=== Section Start ===

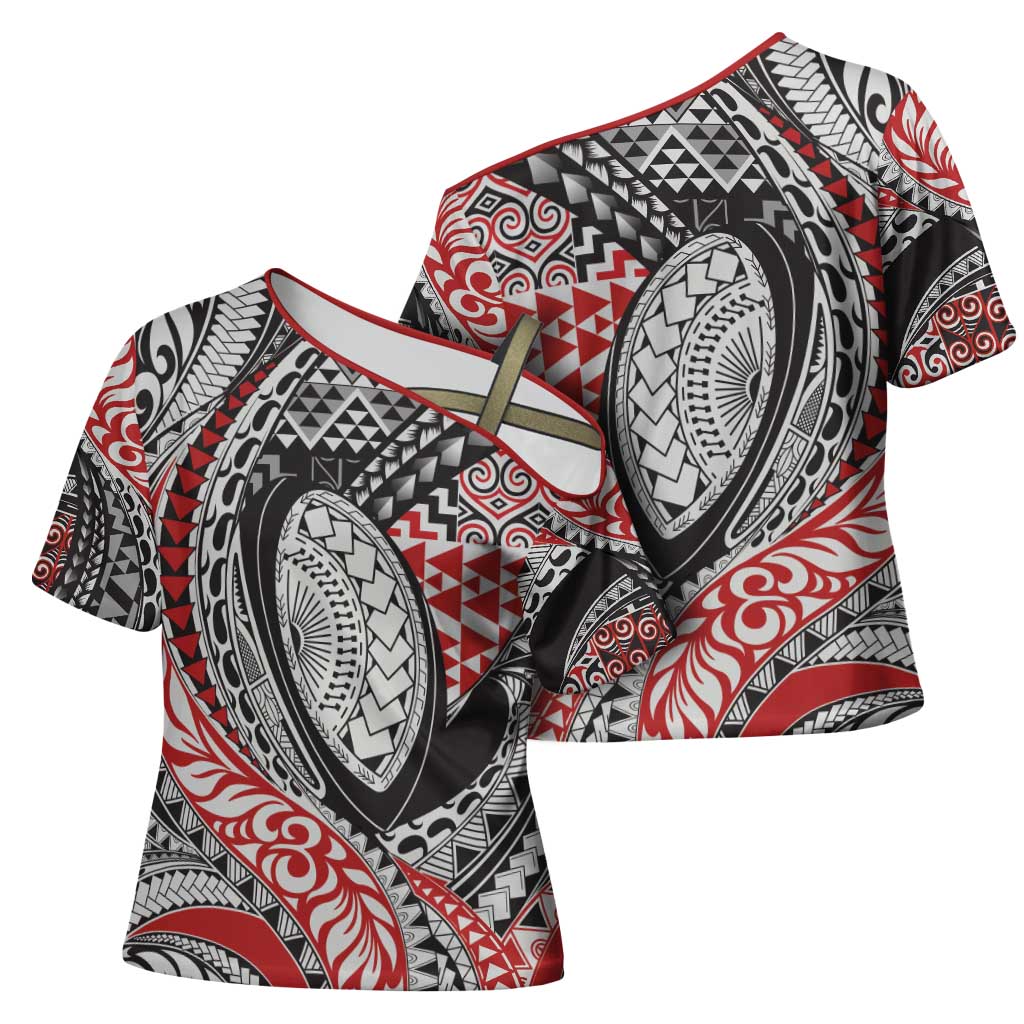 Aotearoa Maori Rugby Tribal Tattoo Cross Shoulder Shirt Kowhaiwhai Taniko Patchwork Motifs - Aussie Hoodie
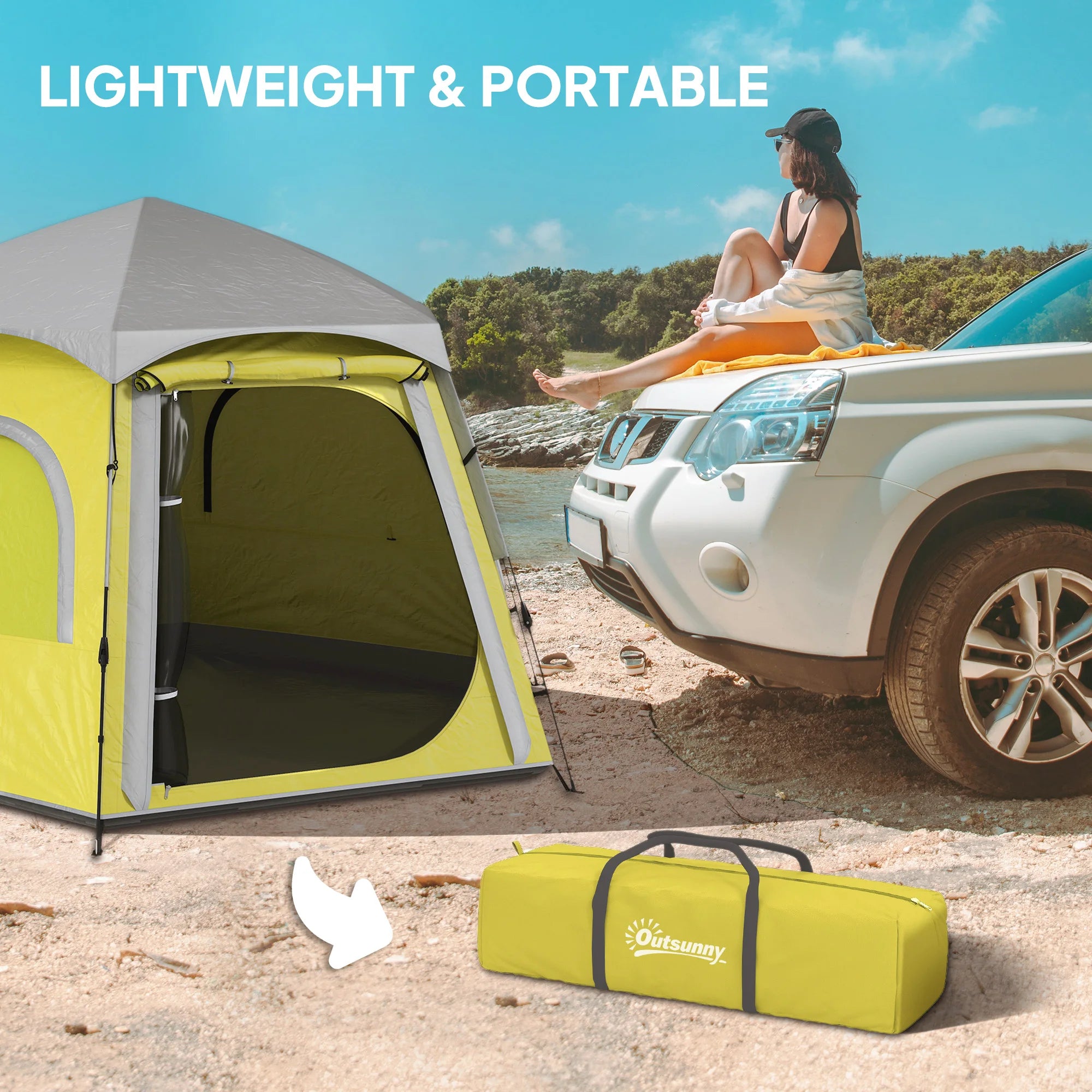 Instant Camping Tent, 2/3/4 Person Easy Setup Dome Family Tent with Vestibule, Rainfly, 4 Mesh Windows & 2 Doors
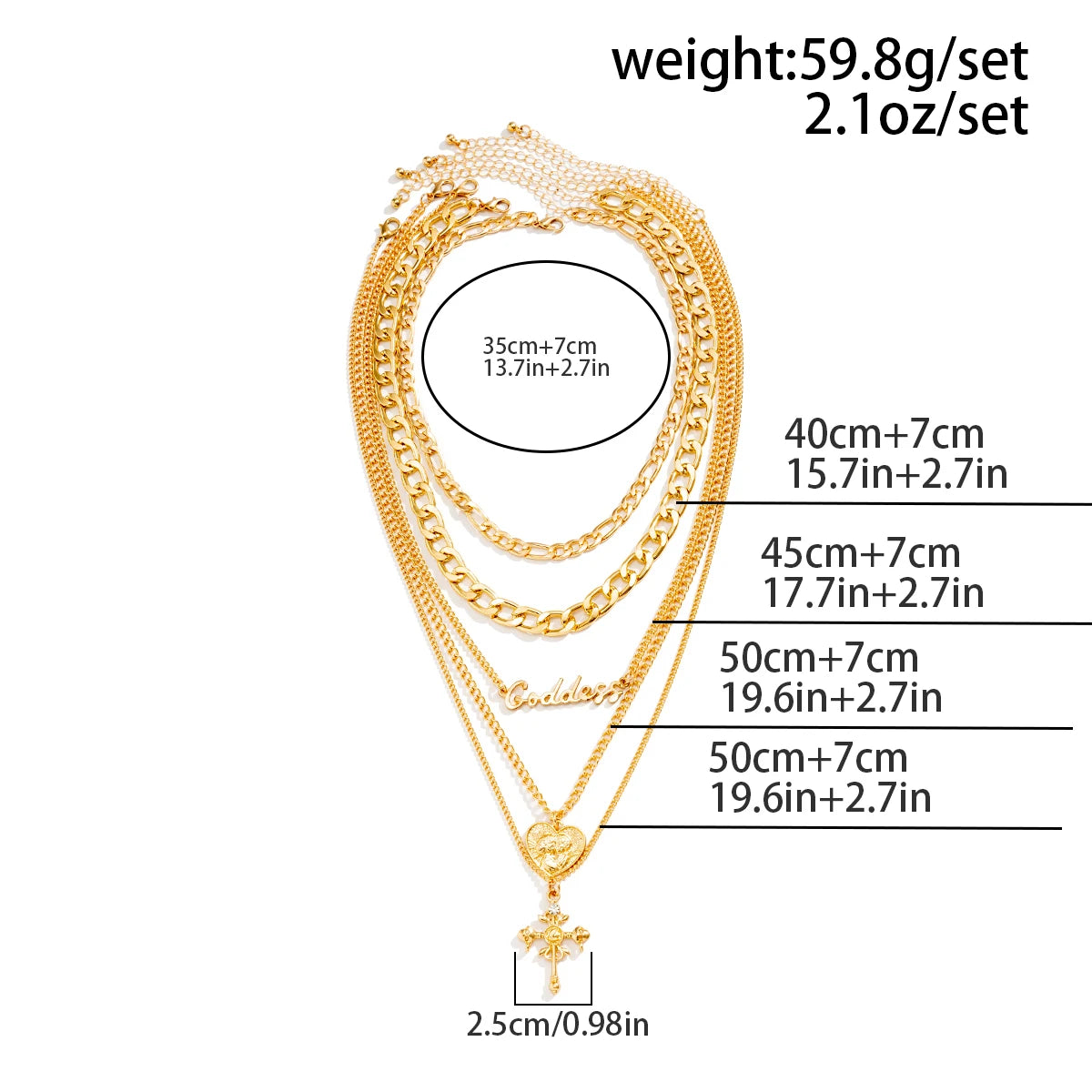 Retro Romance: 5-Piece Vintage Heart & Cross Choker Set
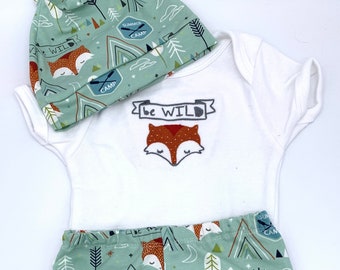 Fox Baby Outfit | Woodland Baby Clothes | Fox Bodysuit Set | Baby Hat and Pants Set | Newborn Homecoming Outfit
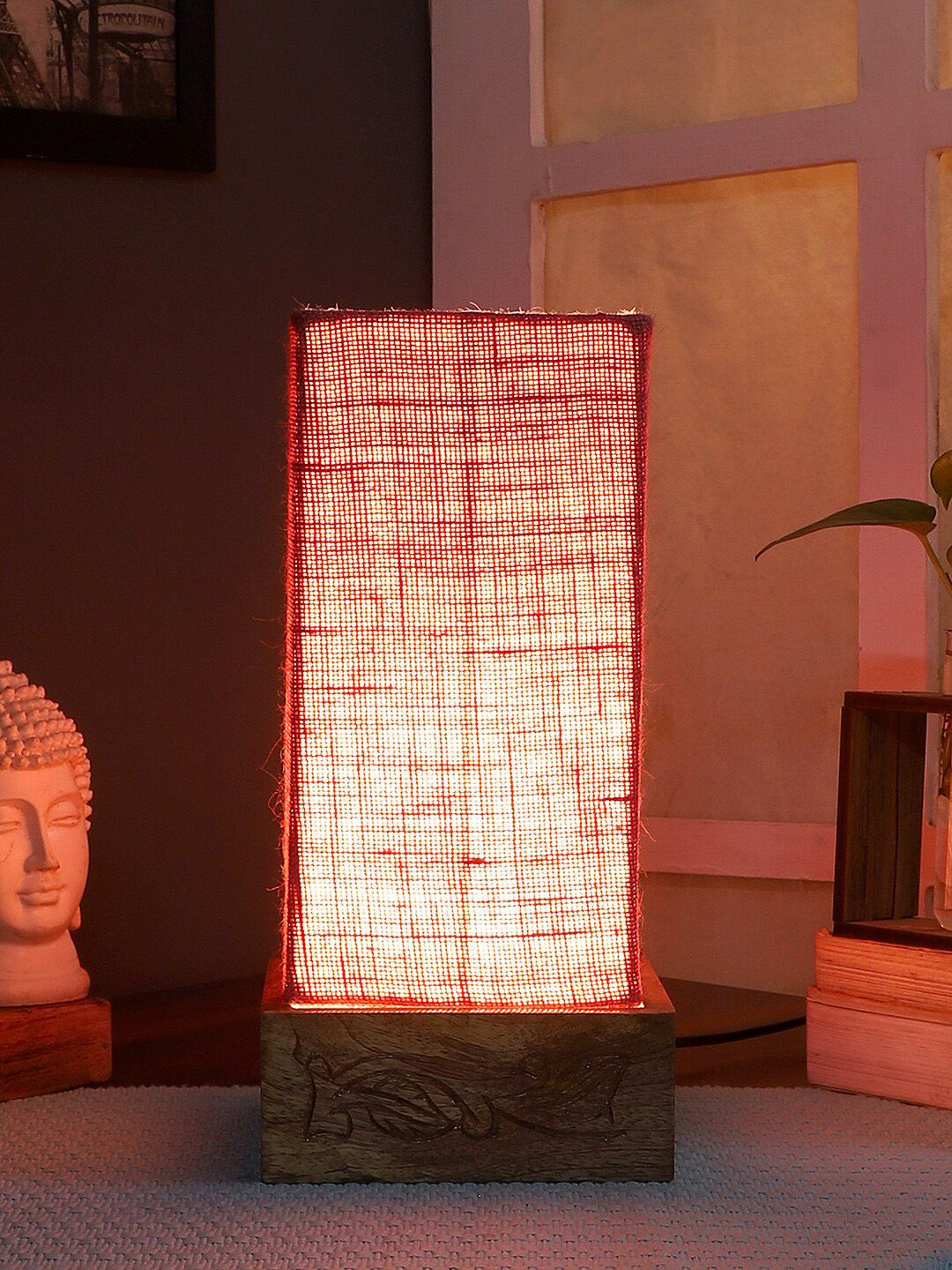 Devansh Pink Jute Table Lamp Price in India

=== Section End ===

Go through the listing above and retype it exactly, skipping every picture.

EXERCISE ANSWER:
 Aotearoa Maori Rugby Tribal Tattoo Cross Shoulder Shirt Kowhaiwhai Taniko Patchwork Motifs - Aussie Hoodie
 Instant Camping Tent, 2/3/4 Person Easy Setup Dome Family Tent with Vestibule, Rainfly, 4 Mesh Windows & 2 Doors
 Retro Romance: 5-Piece Vintage Heart & Cross Choker Set
 Fox Baby Outfit | Woodland Baby Clothes | Fox Bodysuit Set | Baby Hat and Pants Set | Newborn Homecoming Outfit
 Devansh Pink Jute Table Lamp Price in India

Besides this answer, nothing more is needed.